BARBARA LANDAU
Dick and Lydia Todd Professor of Cognitive Science, Johns Hopkins University
Talk
Unforgettable: When an Amnesic Artist Remembers
Classical theories of memory, starting with patient H.M., suggest two distinct kinds of memory, declarative (i.e. factual) and non-declarative (including skills), that can be differentially impaired after damage to the hippocampus. Landau will explore the case of a highly accomplished graphic artist who sustained major damage to the hippocampus due to viral encephalitis, leaving her with significant amnesia.
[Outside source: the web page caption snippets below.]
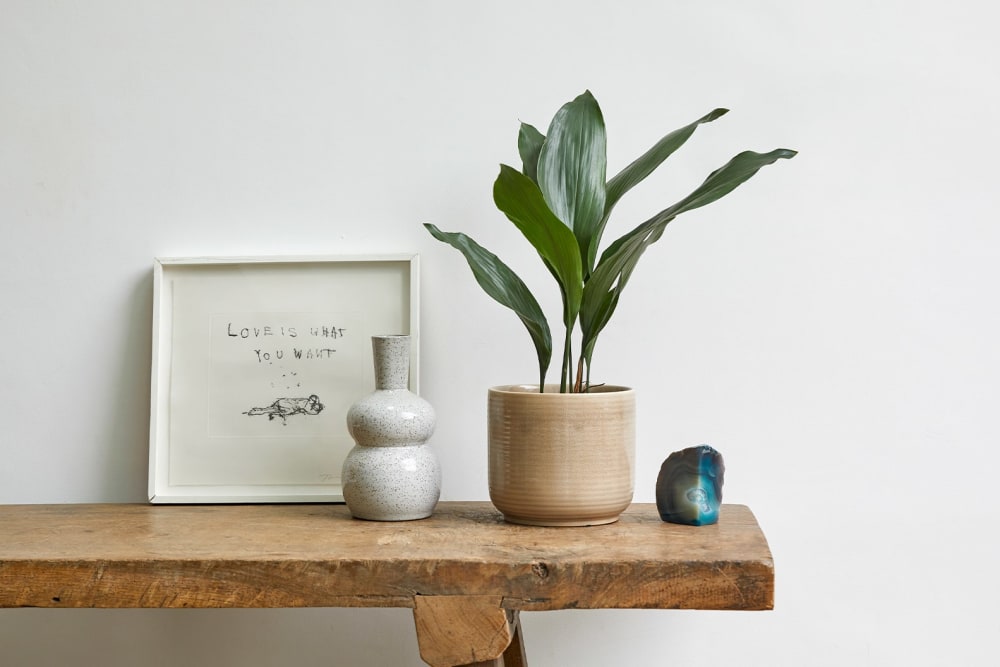 Cast Iron plant in a cream ceramic pot on a side table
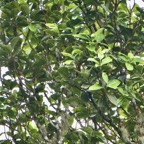 Sideroxylon borbonicum  Bois de fer bâtard .natte coudine .sapotaceae.endémique Réunion.jpeg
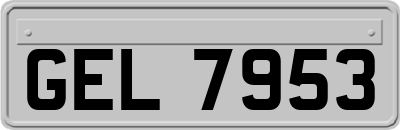 GEL7953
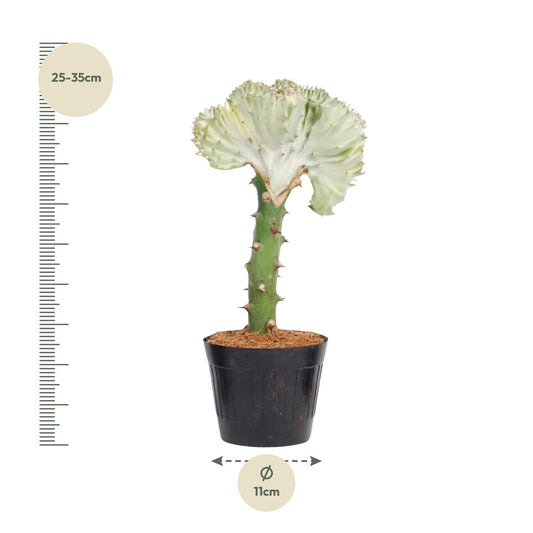 Euphorbia lactea Cristata – Korallen-Kaktus, 30 cm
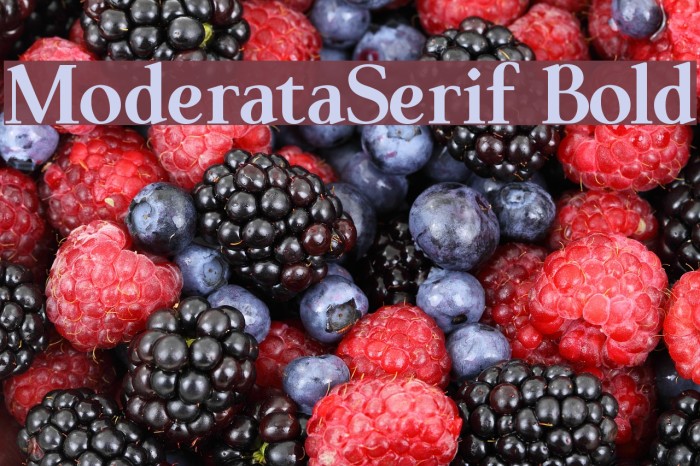 ModerataSerif Bold Font examples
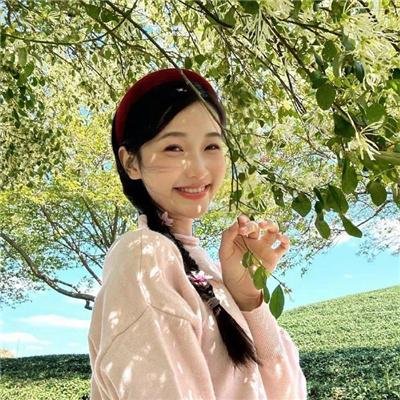 诱惑者的日记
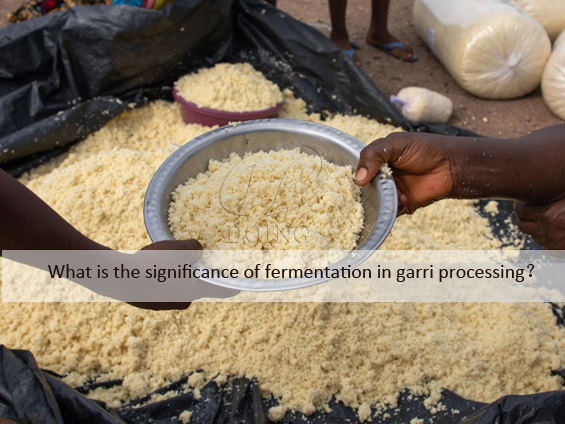 What is the significance of fermentation in garri processing？
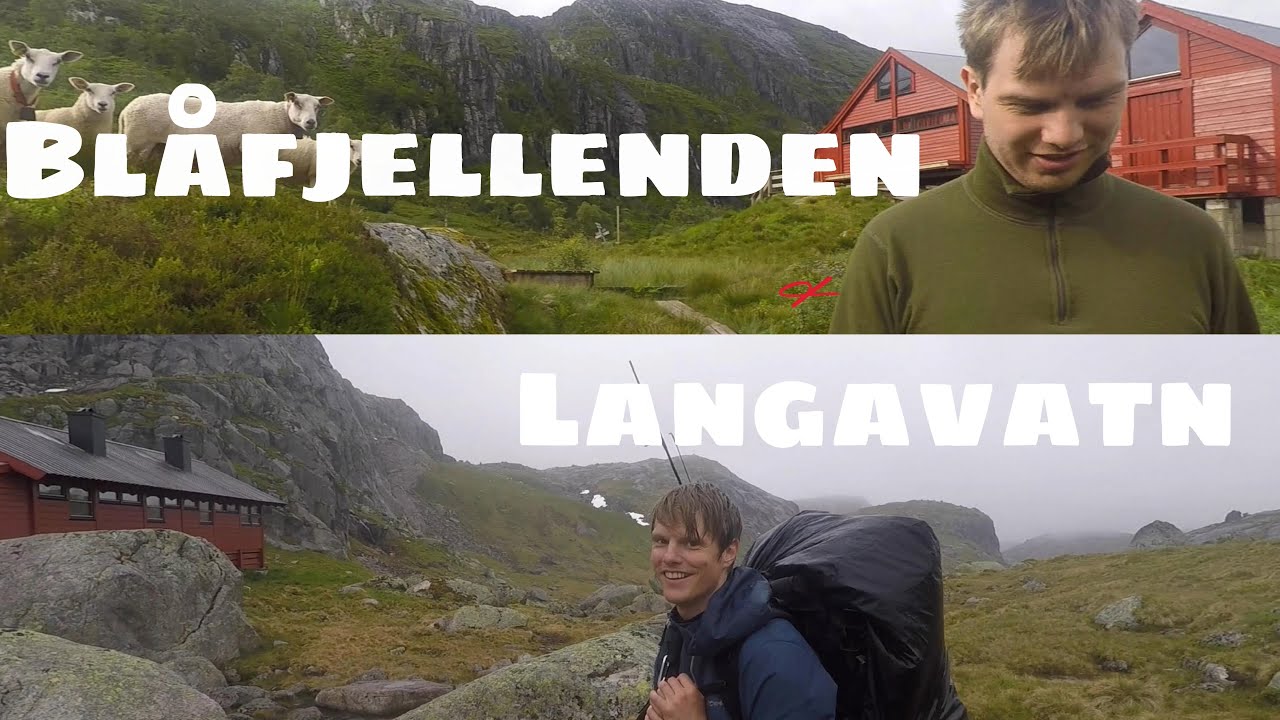 Røyskatt bor på Blåfjellenden og Langavatn er invadert av sauer | Månafossen til Sirdal ep3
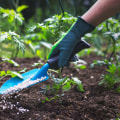 The Advantages of Organic Fertilizers in Sustainable Gardening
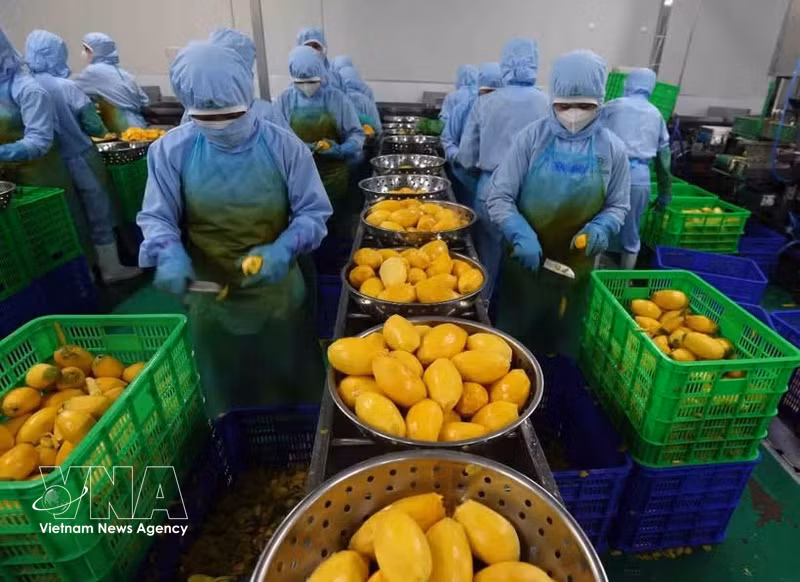 Vietnam, Mongolia Seek to Expand Cooperation Beyond Traditional Areas
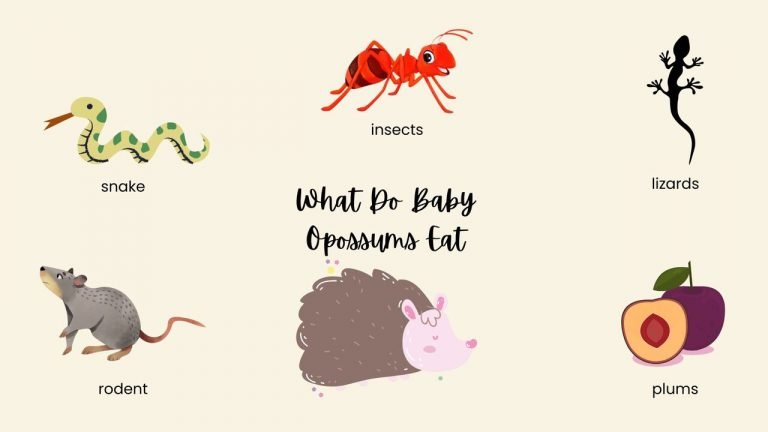 What Do Baby Opossums Eat
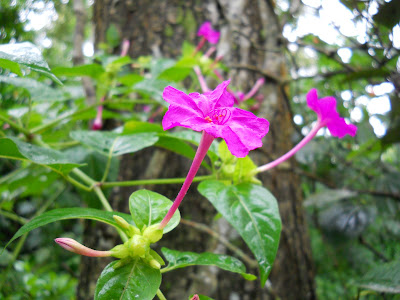 One of the many gorgeous flowers around the plantation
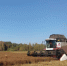 Рабочая группа под руководством Михаила Ратнера оценила ход уборочной кампании в Зырянском районе - Департамент по социально-экономическому развитию села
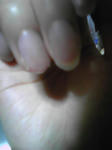 SH350203.jpg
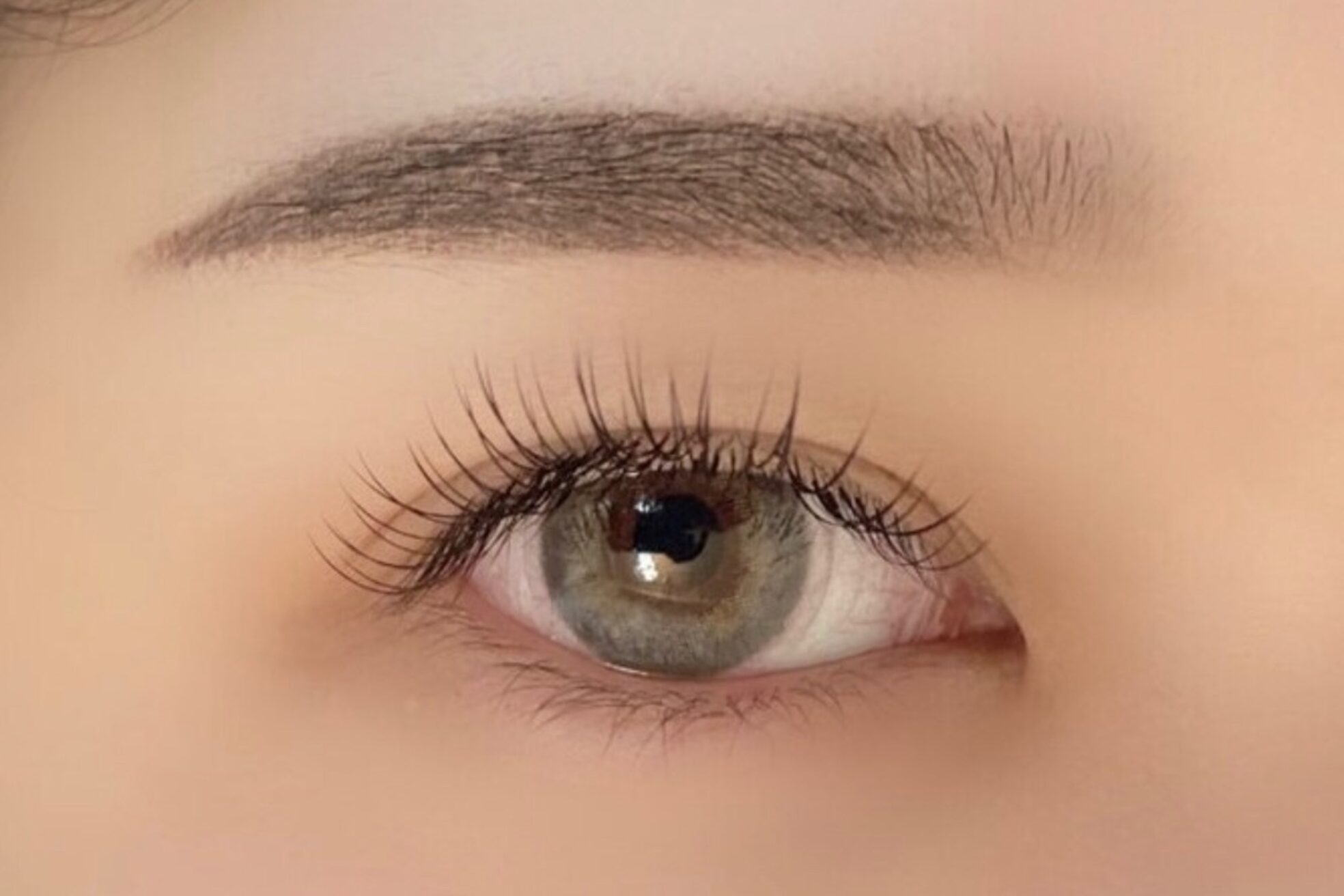 ニューラインアイプラス トウキョウ(New Line eye+ Tokyo)3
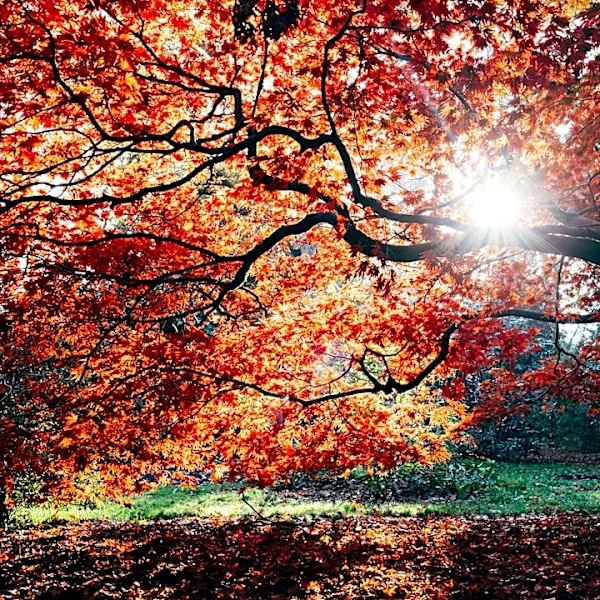 Understanding the Autumnal Equinox: A Seasonal Shift in the Sky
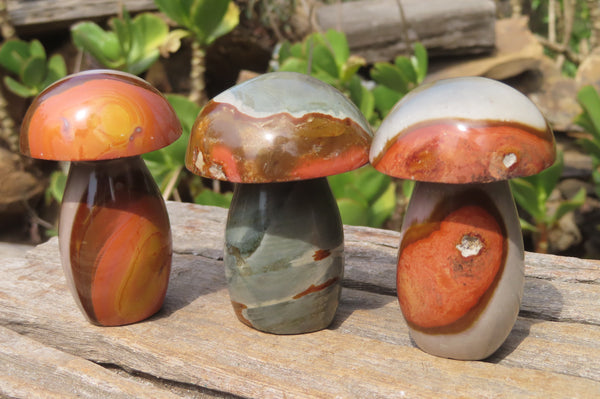 Polished Polychrome Jasper Mushroom Carvings x 12 From Madagascar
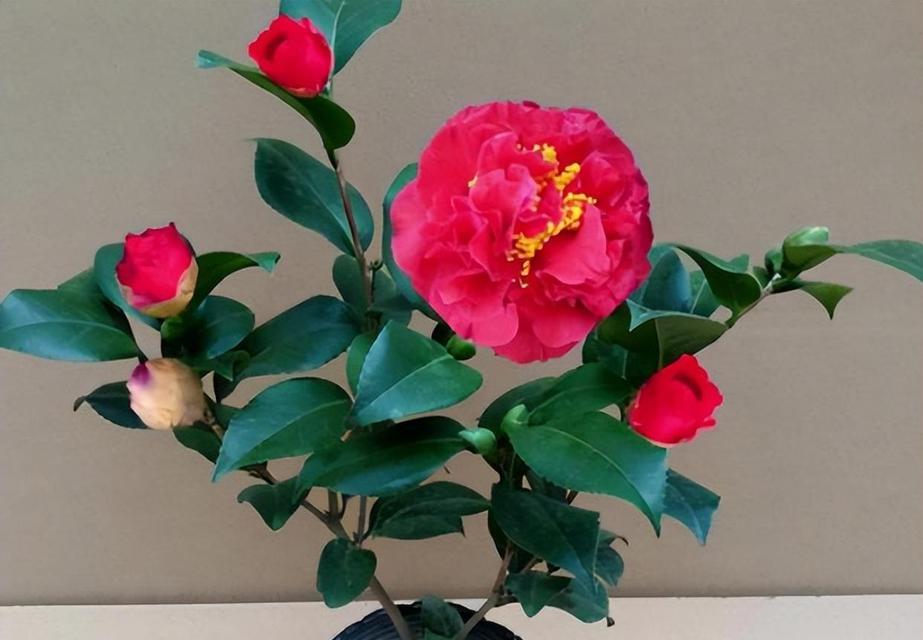 耐冬花的养殖方法（教你打造冬季盛开的花园）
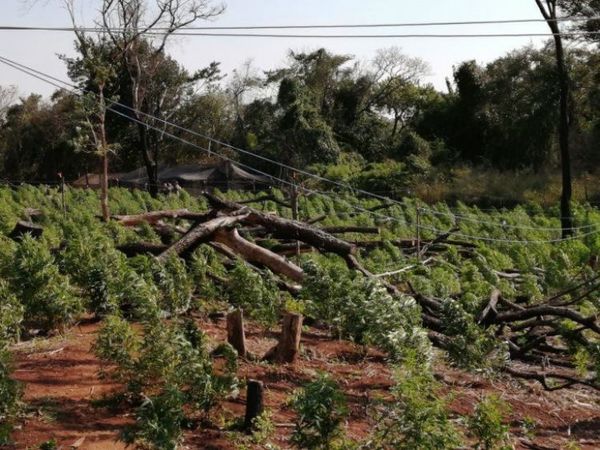 Destruyen 60 hectáreas de marihuana Creespy y detienen a seis personas en Capitán Bado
This case allows us to probe how the brain represents factual knowledge of art and its theory, as well as the practice of art, including underlying skills. Our results suggest that these different aspects of knowledge are part of a complex and intertwined web of knowledge that supports artistic expertise.
Biography
Barbara Landau is interested in human knowledge of language and space, the relationships between these systems (e.g. how we talk about space), and how they are represented in the mind and brain. She focuses on the nature of the cognitive "primitives" that guide both typical and atypical development, including cases of congenital blindness, Williams syndrome, and perinatal stroke. She is an elected member of the National Academy of Sciences, a Fellow of the American Academy of Arts and Sciences, the American Association for the Advancement of Science, and the Cognitive Science Society, and was named a Guggenheim Fellow in 2009.